Summary: we have some new stats regarding gadget usage across WMF sites, but I'd like more analysis of gadget & bot usage.
Oliver Keyes has some code and results up at https://github.com/Ironholds/MetaAnalysis/tree/master/GadgetUsage to analyze "data around gadgets being used on various wikimedia projects":
"GadgetUsage.r is the generation script. It is dependent on (a) access to the analytics slaves and (b) the list of databases
"gadget_data.tsv is the raw data, consisting of an aggregate number of users for each preference on each wiki, with preference, wiki and wiki type (source, wiki, versity, etc) defined.
"gadgets_by_wikis.tsv is a rework of the data to look at what gadgets are used on multiple wikis, and how many wikis that is. It also includes an aggregate of the number of users across those wikis using the gadget.
"wikis_by_gadgets.tsv is a rework that looks at the number of distinct gadgets on each individual wiki. Unsuprisingly there's a power law."
This helps a lot with addressing one of the analytics "dreams" from https://www.mediawiki.org/wiki/Analytics/Dreams - "What proportion of logged-in editors have activated any gadgets at all? What are the most popular gadgets?" However, Oliver's data "is based on preference data - it may or may not include data for those gadgets set as defaults." So if someone could improve this to ensure that we appropriately count gadget usage for gadgets that default to on, that would be very helpful.
My team would also like to know: * who maintains the most popular gadgets? (so we can invite them to hackathons, help get them training, get those gadgets localised and ported to other wikis, and so on) * when were the gadgets last updated? (so we can identify stale ones that enthusiastic volunteers could take over maintaining) * similar stats regarding bot usage -- what bots are making the most edits, or edits that in aggregate change the most bytes? who owns those bots? what wikis are they active on? (so we can help maintainers better, ensure they hear about API breaking changes, etc., and develop a bot inventory/directory to make it easier for other wikis' users to start using useful bots)
If there's anyone interested in taking this on, either inside or outside WMF's Analytics team, that would be great. Otherwise I anticipate that Engineering Community Team will take it on sometime in the October-December 2013 period.
Sumana,
- similar stats regarding bot usage -- what bots are making the most edits, or edits that in aggregate change the most bytes? who owns those bots? what wikis are they active on?

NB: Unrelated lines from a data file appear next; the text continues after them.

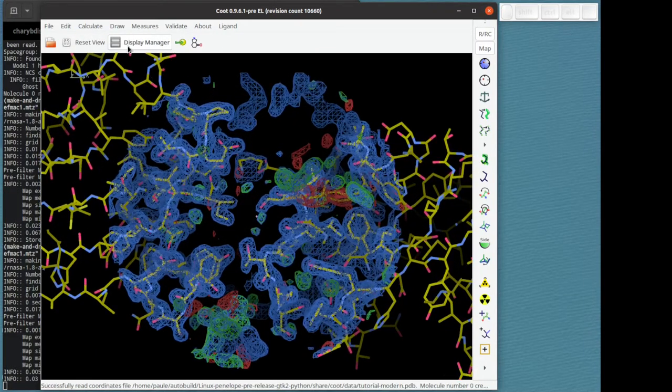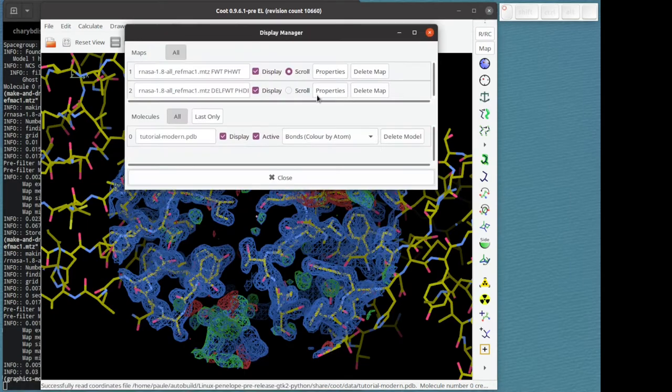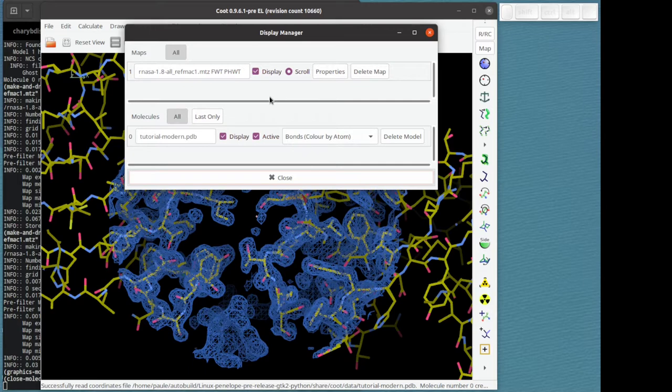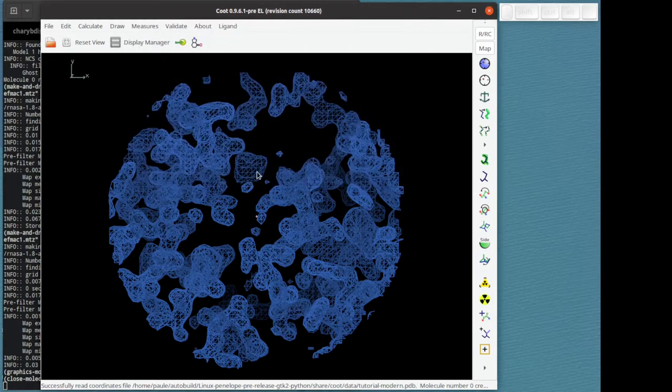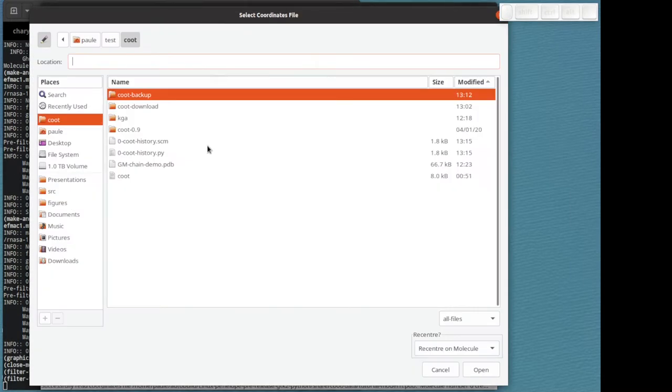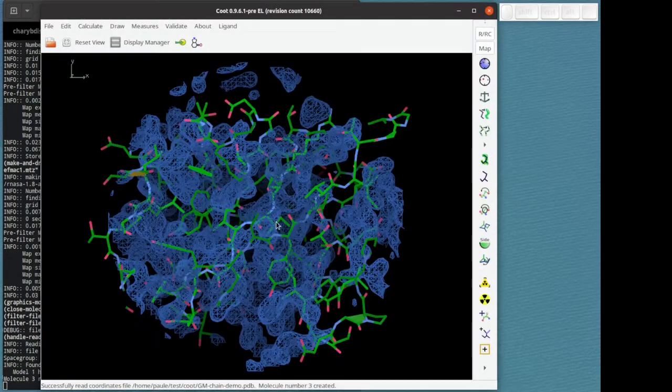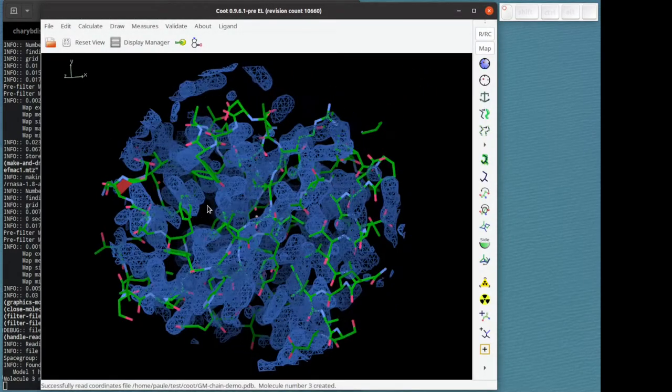Let's use the display manager to undisplay or actually delete the difference map and undisplay the model that comes with the tutorial data. We're going to load in our file that we just downloaded.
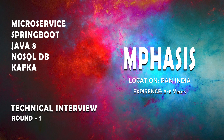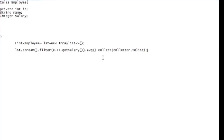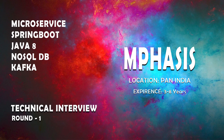In the same Employee class, how can we override the hashCode and equals methods?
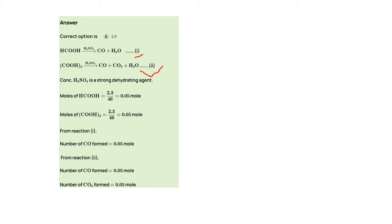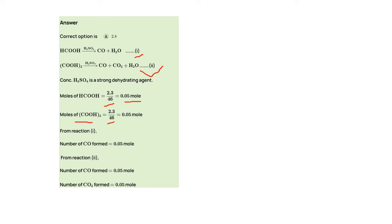Moles of HCOOH equals 2.3 upon 46, which gives us 0.05. Same with (COOH)2, we can also find the moles, which is 4.5 divided by 90, which is 0.05. So from the first reaction, number of CO formed is 0.05 mole.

There are some wikistats reports on bots for each project, e.g. Wikipedia: http://stats.wikimedia.org/EN/BotActivityMatrixCreates.htm http://stats.wikimedia.org/EN/BotActivityMatrixEdits.htm
Erik
-----Original Message----- From: analytics-bounces@lists.wikimedia.org [mailto:analytics-bounces@lists.wikimedia.org] On Behalf Of Sumana Harihareswara Sent: Thursday, July 04, 2013 12:23 AM To: A mailinglist for the Analytics Team at WMF and everybody who has an interest in Wikipedia and analytics. Subject: [Analytics] Statistics on gadget & bot usage on all wikis
Summary: we have some new stats regarding gadget usage across WMF sites, but I'd like more analysis of gadget & bot usage.

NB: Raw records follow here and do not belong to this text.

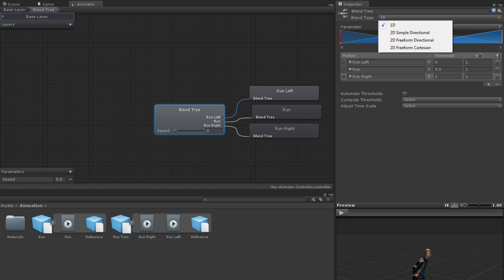2D Simple Directional is used for when you want to blend movement based on directional parameters and have single animations on each direction, such as walk forward, walk back, walk left, etc. 2D Freeform Directional is used similarly but can include multiple animations in the same direction, for example walk forward and run forward. 2D Freeform Cartesian is used when the parameters are not based on direction, for example speed and angular speed.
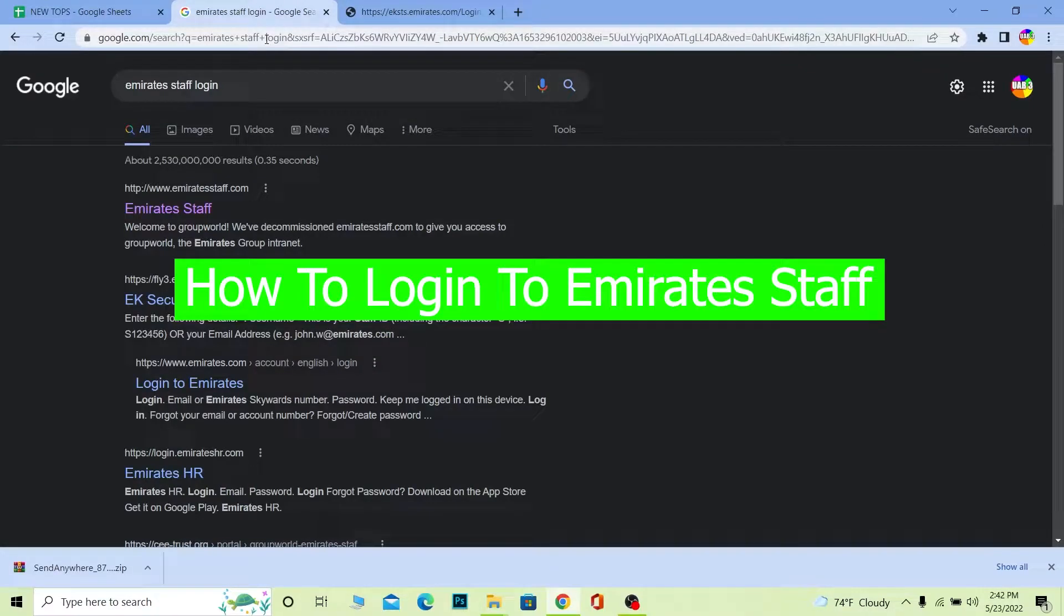What's up everybody, in this video I'm going to be showing you guys how you can login to your Emirates staff account. If you're a worker or staff of Emirates, you can watch this video.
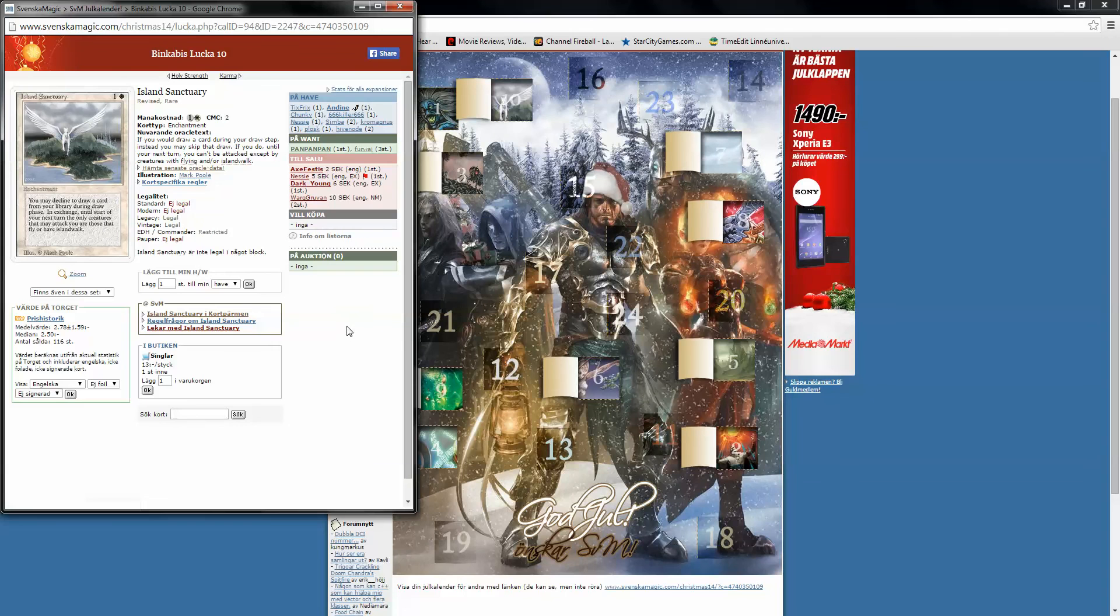Island Sanctuary, a Revised Rare. If you would draw a card during your draw step, blah blah blah.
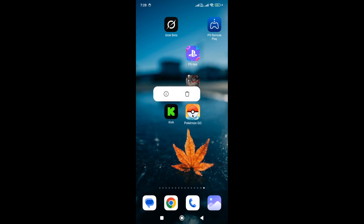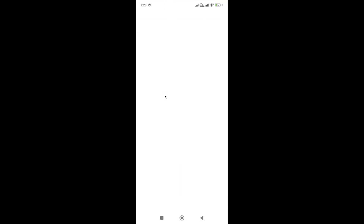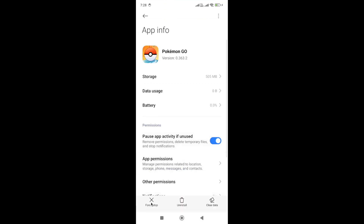Hold the game icon and in the pop-up that appears, go to App Info. Here in the App Info, you need to click on the Force Stop option. Once you force stop the game, start the game again and check it.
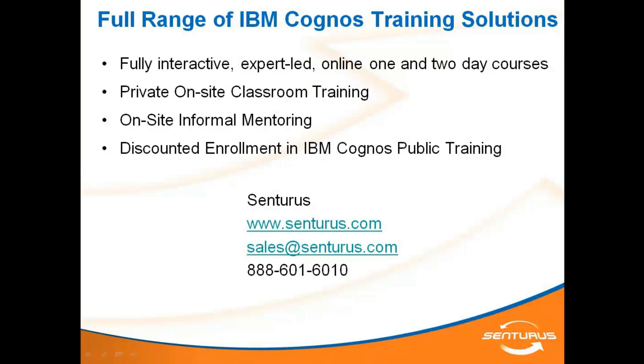We hope you enjoyed this Cognos training tip. Centurius offers a full range of Cognos training solutions. Everything from regularly scheduled online courses to one-on-one mentoring. For more information on expert-led Cognos training, contact Centurius.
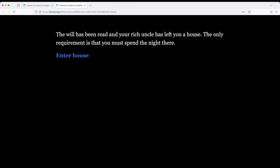As I established we have a will, a rich uncle has left us a house and we must spend the night. Let's go ahead and enter the house.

Oliver Keyes has some code and results up at https://github.com/Ironholds/MetaAnalysis/tree/master/GadgetUsage to analyze "data around gadgets being used on various wikimedia projects":
"GadgetUsage.r is the generation script. It is dependent on (a) access to the analytics slaves and (b) the list of databases
"gadget_data.tsv is the raw data, consisting of an aggregate number of users for each preference on each wiki, with preference, wiki and wiki type (source, wiki, versity, etc) defined.

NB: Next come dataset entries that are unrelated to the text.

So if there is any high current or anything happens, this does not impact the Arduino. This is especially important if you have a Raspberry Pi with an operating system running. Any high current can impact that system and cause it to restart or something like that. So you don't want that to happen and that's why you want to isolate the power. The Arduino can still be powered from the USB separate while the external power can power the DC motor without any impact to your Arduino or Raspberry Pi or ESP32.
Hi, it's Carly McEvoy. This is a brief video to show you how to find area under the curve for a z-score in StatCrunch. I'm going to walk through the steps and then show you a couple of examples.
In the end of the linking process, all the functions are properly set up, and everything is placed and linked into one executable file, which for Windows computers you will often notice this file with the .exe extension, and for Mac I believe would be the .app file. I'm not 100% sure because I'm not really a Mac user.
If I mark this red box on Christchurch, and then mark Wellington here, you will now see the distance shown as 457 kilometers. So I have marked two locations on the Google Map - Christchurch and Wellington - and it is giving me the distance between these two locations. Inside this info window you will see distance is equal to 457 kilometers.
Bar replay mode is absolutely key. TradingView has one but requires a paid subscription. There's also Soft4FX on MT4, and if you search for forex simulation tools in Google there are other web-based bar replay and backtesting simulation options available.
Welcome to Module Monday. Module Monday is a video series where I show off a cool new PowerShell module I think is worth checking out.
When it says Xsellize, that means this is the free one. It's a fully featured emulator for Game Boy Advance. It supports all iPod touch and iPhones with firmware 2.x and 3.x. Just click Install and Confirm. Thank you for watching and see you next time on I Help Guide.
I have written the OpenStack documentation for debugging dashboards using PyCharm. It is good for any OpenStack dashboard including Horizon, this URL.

"gadgets_by_wikis.tsv is a rework of the data to look at what gadgets are used on multiple wikis, and how many wikis that is. It also includes an aggregate of the number of users across those wikis using the gadget.
"wikis_by_gadgets.tsv is a rework that looks at the number of distinct gadgets on each individual wiki. Unsuprisingly there's a power law."
This helps a lot with addressing one of the analytics "dreams" from https://www.mediawiki.org/wiki/Analytics/Dreams - "What proportion of logged-in editors have activated any gadgets at all? What are the most popular gadgets?" However, Oliver's data "is based on preference data - it may or may not include data for those gadgets set as defaults." So if someone could improve this to ensure that we appropriately count gadget usage for gadgets that default to on, that would be very helpful.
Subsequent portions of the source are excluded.